Ho quindi chiesto di svolgere il tirocinio nella scuola in cui già prestavo servizio. Sarebbe stata la soluzione più logica: avrebbe garantito continuità didattica agli studenti, evitato costi aggiuntivi per lo Stato e mantenuto piena coerenza con le finalità formative del percorso. La risposta, però, è stata negativa.

Motivazioni burocratiche, convenzioni e procedure hanno creato un labirinto amministrativo che, nei fatti, ha impedito la soluzione più semplice, più economica e più ragionevole.

Per non perdere il percorso universitario, nel quale avevo già investito oltre 2.500 euro, mi sono trovato con le spalle al muro. Ho dovuto richiedere un mese di aspettativa non retribuita: un mese senza stipendio, senza alcuna forma di sostegno economico e, paradossalmente, un mese in cui ho lavorato più del solito.

Per completare il tirocinio obbligatorio ho dovuto contattare personalmente decine di istituti scolastici della Lombardia. Molti hanno rifiutato, altri non sapevano come procedere, altri ancora non avevano convenzioni attive. Solo dopo una lunga e logorante ricerca una scuola ha accettato di accogliermi.

Nel mese di novembre 2024 ho svolto 113 ore di tirocinio diretto. Ho insegnato, preparato lezioni, seguito gli studenti e partecipato alla vita scolastica. Ho lavorato intensamente, ma gratuitamente.

Nel frattempo, la mia scuola di titolarità ha dovuto retribuire un supplente per sostituirmi.

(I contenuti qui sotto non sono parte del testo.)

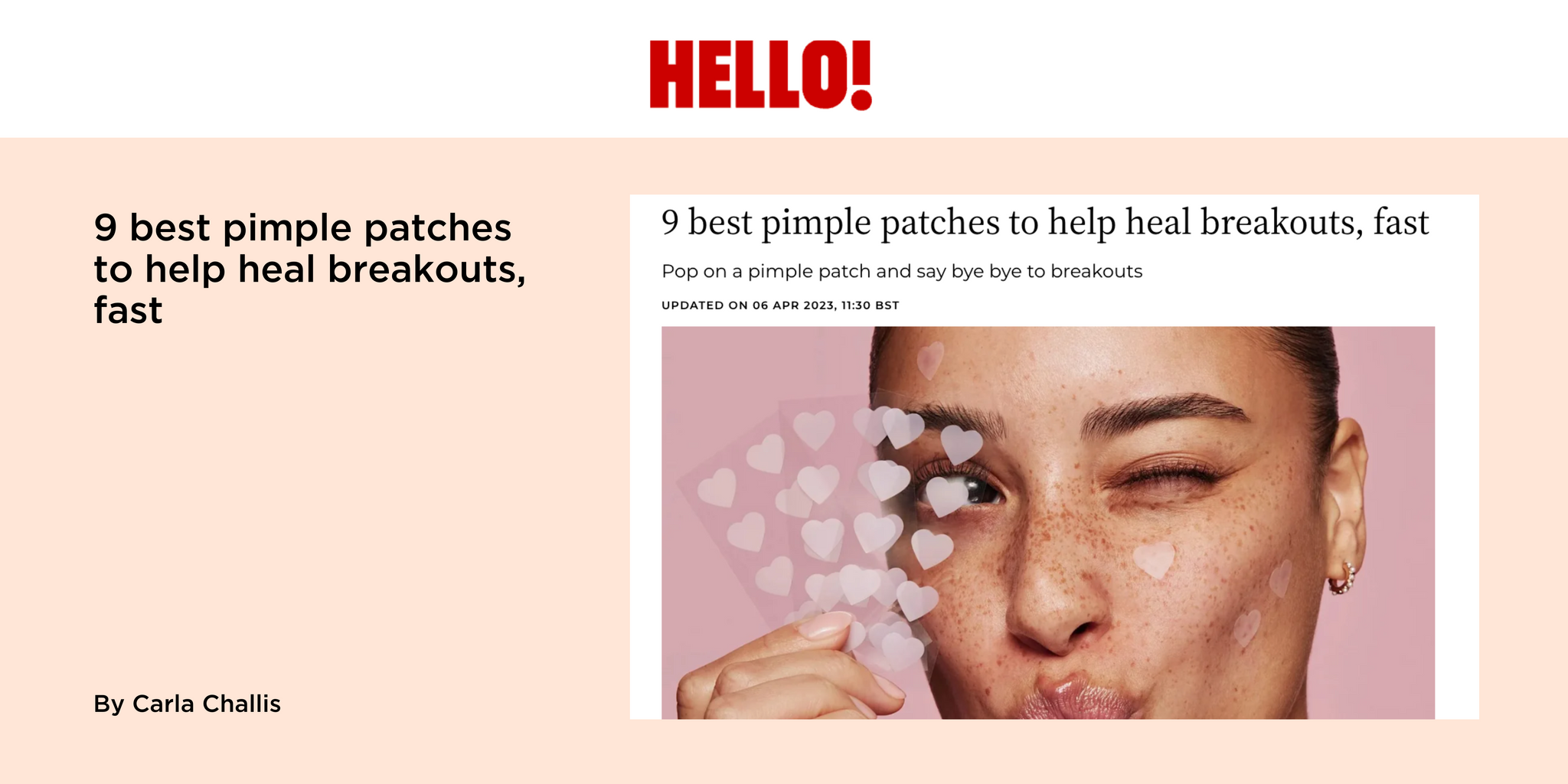 9 best pimple patches to help heal breakouts, fast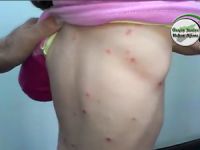 Suriye’de Bir Tehlike Daha: Cilt Kanseri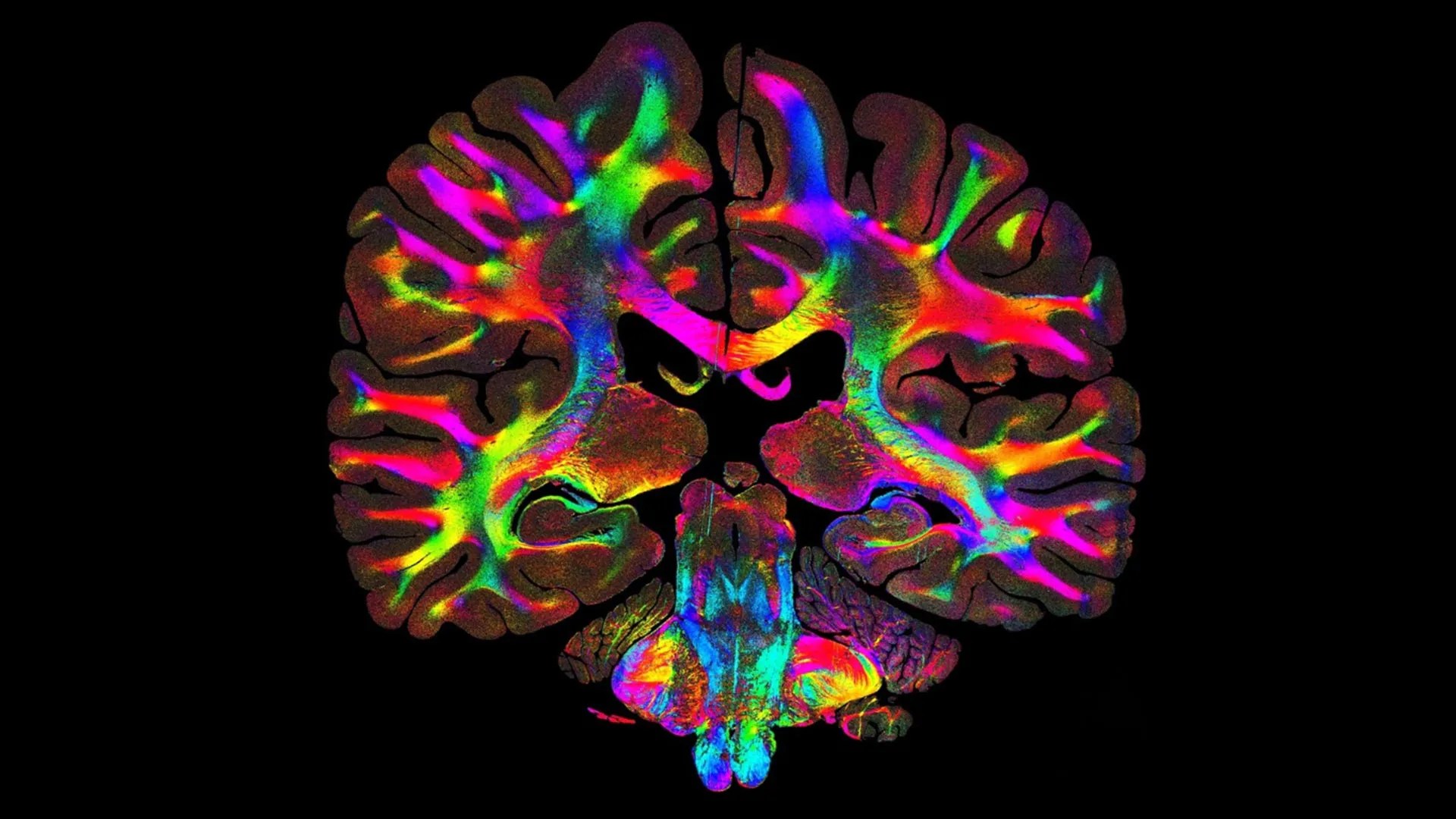 How Light Reveals Hidden Brain Fibers: A Breakthrough in Microscale Neuroimaging (ComSLI) (2026)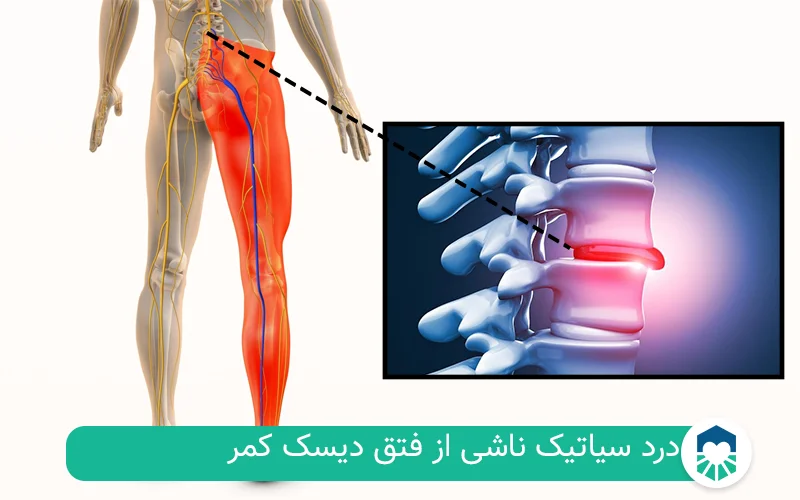 درد سیاتیک ناشی از دیسک کمر | ایران طب مگ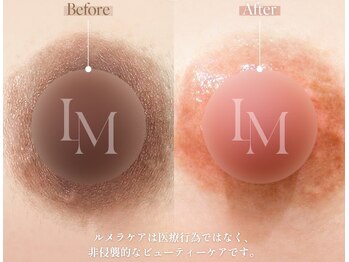 ビューティ サロン ココ ア ドール(Coco a Doll)の写真/【黒ずみ悩みに終止符】納得の結果にリピーター続出！韓国最先端美容ルメラで効果実感◎是非お試し下さい♪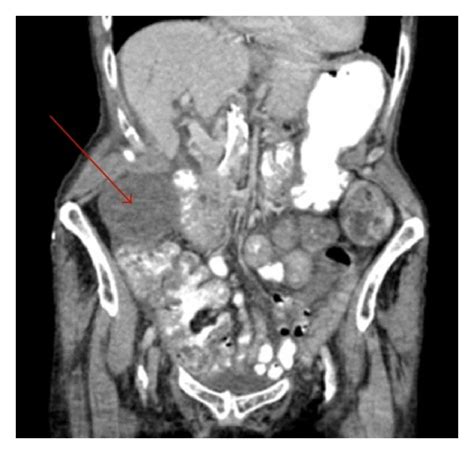 Intraoperative Image Of Gallbladder Torsion Intraoperative Picture Download Scientific Diagram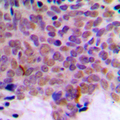CLK1 / CLK Antibody - Immunohistochemical analysis of CLK1 staining in human breast cancer formalin fixed paraffin embedded tissue section. The section was pre-treated using heat mediated antigen retrieval with sodium citrate buffer (pH 6.0). The section was then incubated with the antibody at room temperature and detected using an HRP conjugated compact polymer system. DAB was used as the chromogen. The section was then counterstained with hematoxylin and mounted with DPX. w
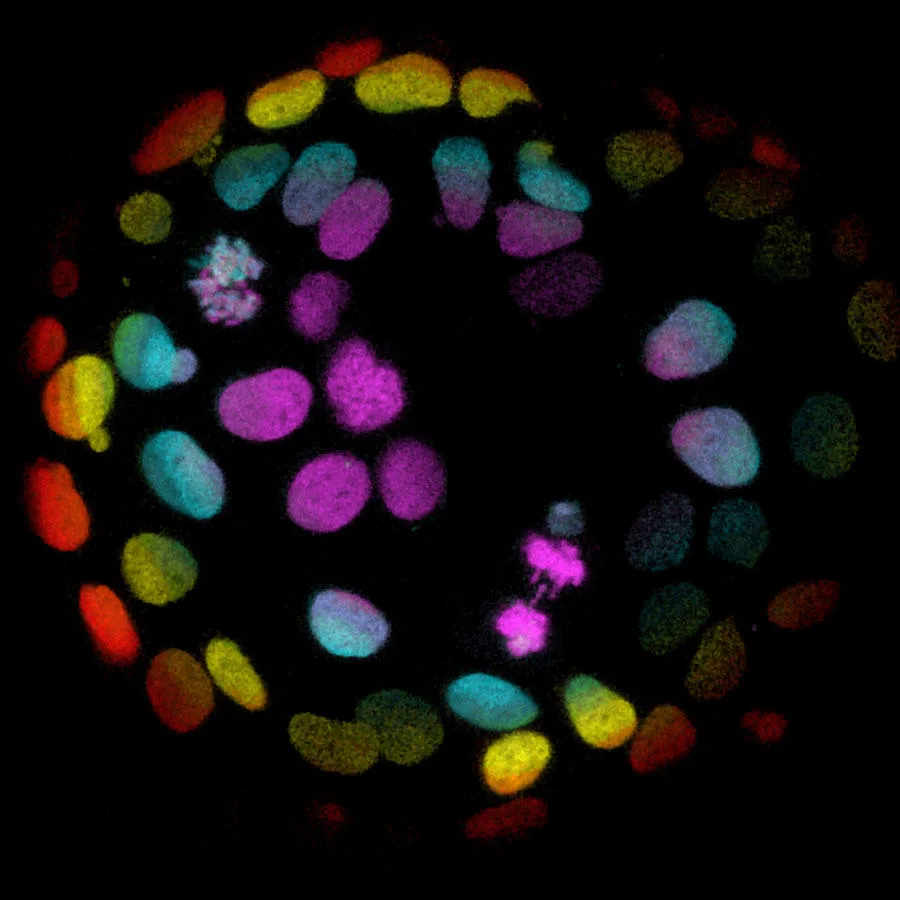 colorectal-organoid-article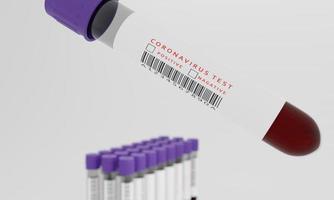 Test tubes with blood and blank label  isolated on white background. Concept for testing corona virus. 3D Rendering. photo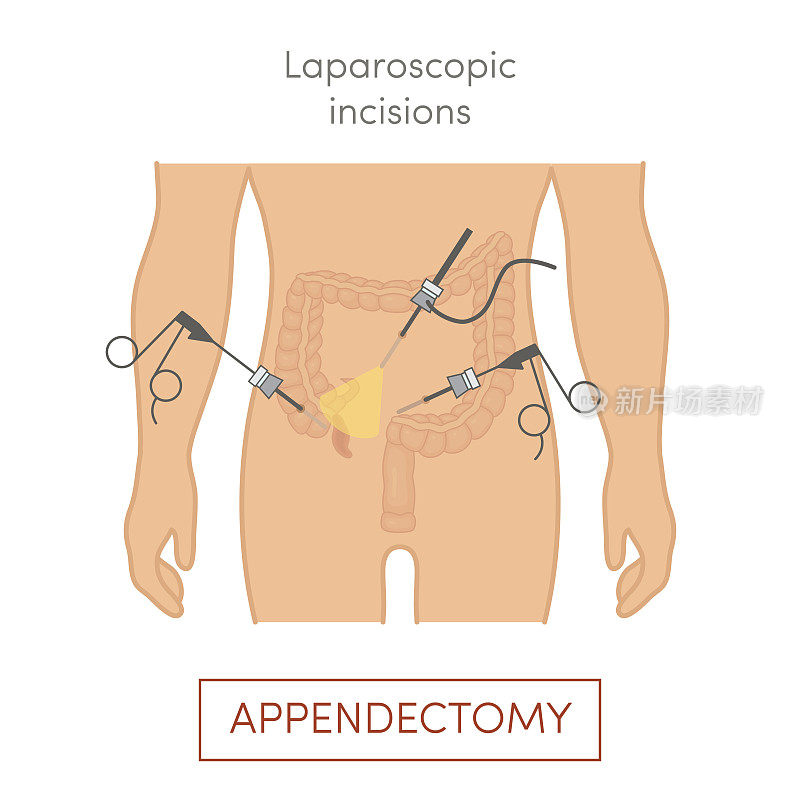 腹腔镜阑尾切除术-阑尾切除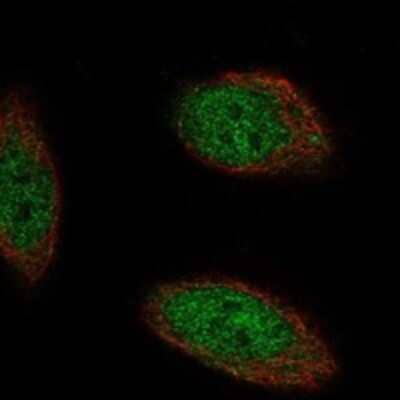 Immunocytochemistry/ Immunofluorescence: TMEM267 Antibody [NBP3-17631]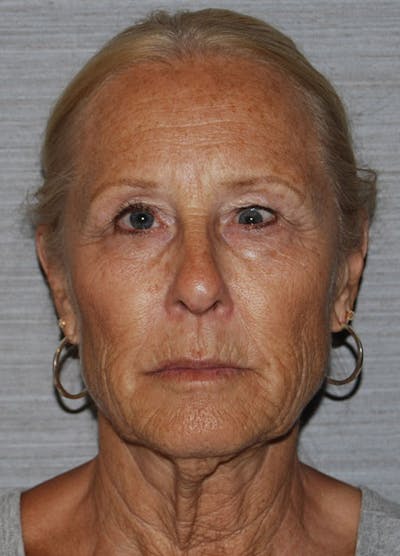 Facelift & Necklift Before & After Gallery - Patient 133024159 - Image 1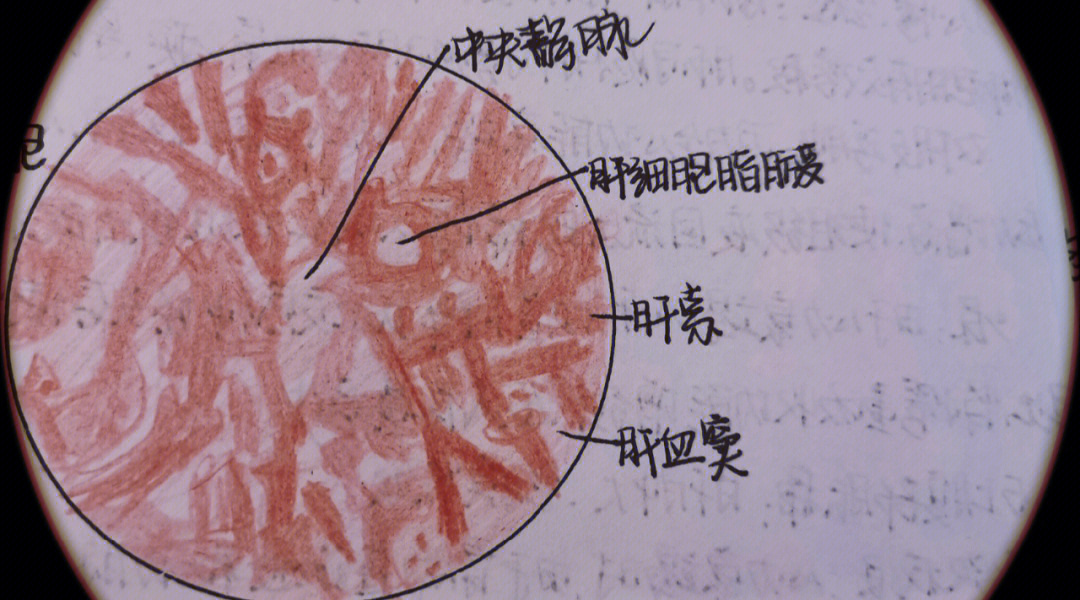 病理学实验报告手绘图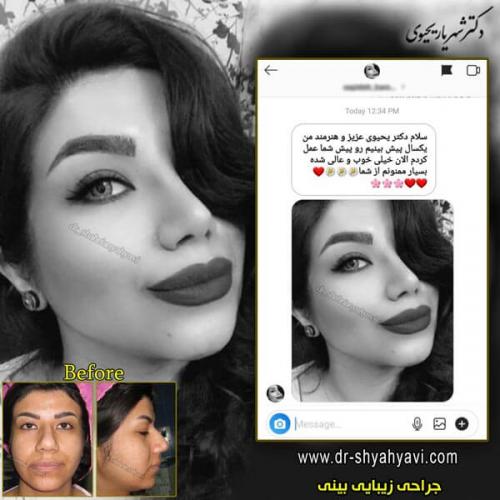 جراحی بینی 203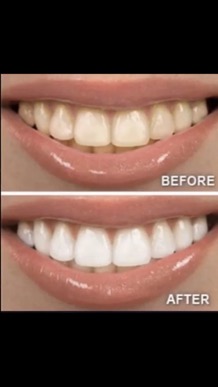 whitening_toothpaste_2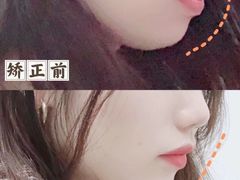 -极光口腔·矫正种植修复(锦江店)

Così lo Stato ha sostenuto il costo di due docenti per lo stesso posto, mentre io, insegnante già formato e prossimo all’abilitazione, non ho percepito alcuna retribuzione.

Solo successivamente, da quanto mi è stato riferito, la stessa scuola che aveva negato la possibilità di svolgere il tirocinio ha iniziato ad autorizzare percorsi analoghi per altri colleghi, chiedendo però ai docenti tutor di rinunciare al compenso. Un ulteriore segnale di una gestione disomogenea e discrezionale, priva di linee guida nazionali realmente chiare.

Ritengo che situazioni come questa contrastino con principi fondamentali della nostra Costituzione: il principio di uguaglianza e ragionevolezza (art. 3), la tutela del lavoro e della giusta retribuzione (artt. 4, 35 e 36) e il principio di buon andamento della Pubblica Amministrazione (art. 97). Non è accettabile che un docente debba perdere lo stipendio per adempiere a un obbligo imposto dallo Stato.

Attraverso questa lettera chiedo tre interventi concreti:

  1. che sia riconosciuto il diritto di svolgere il tirocinio nella scuola di servizio, salvo impedimenti oggettivi e documentati;
  2. che vengano adottate linee guida nazionali vincolanti, per superare la discrezionalità delle singole istituzioni scolastiche;
  3. che siano previste tutele economiche o forme di ristoro per i docenti che hanno perso la retribuzione a causa dello svolgimento di attività formative obbligatorie.

La formazione dei docenti è un valore e un investimento per il Paese. Non può, però, trasformarsi in una tassa pagata dai lavoratori della scuola.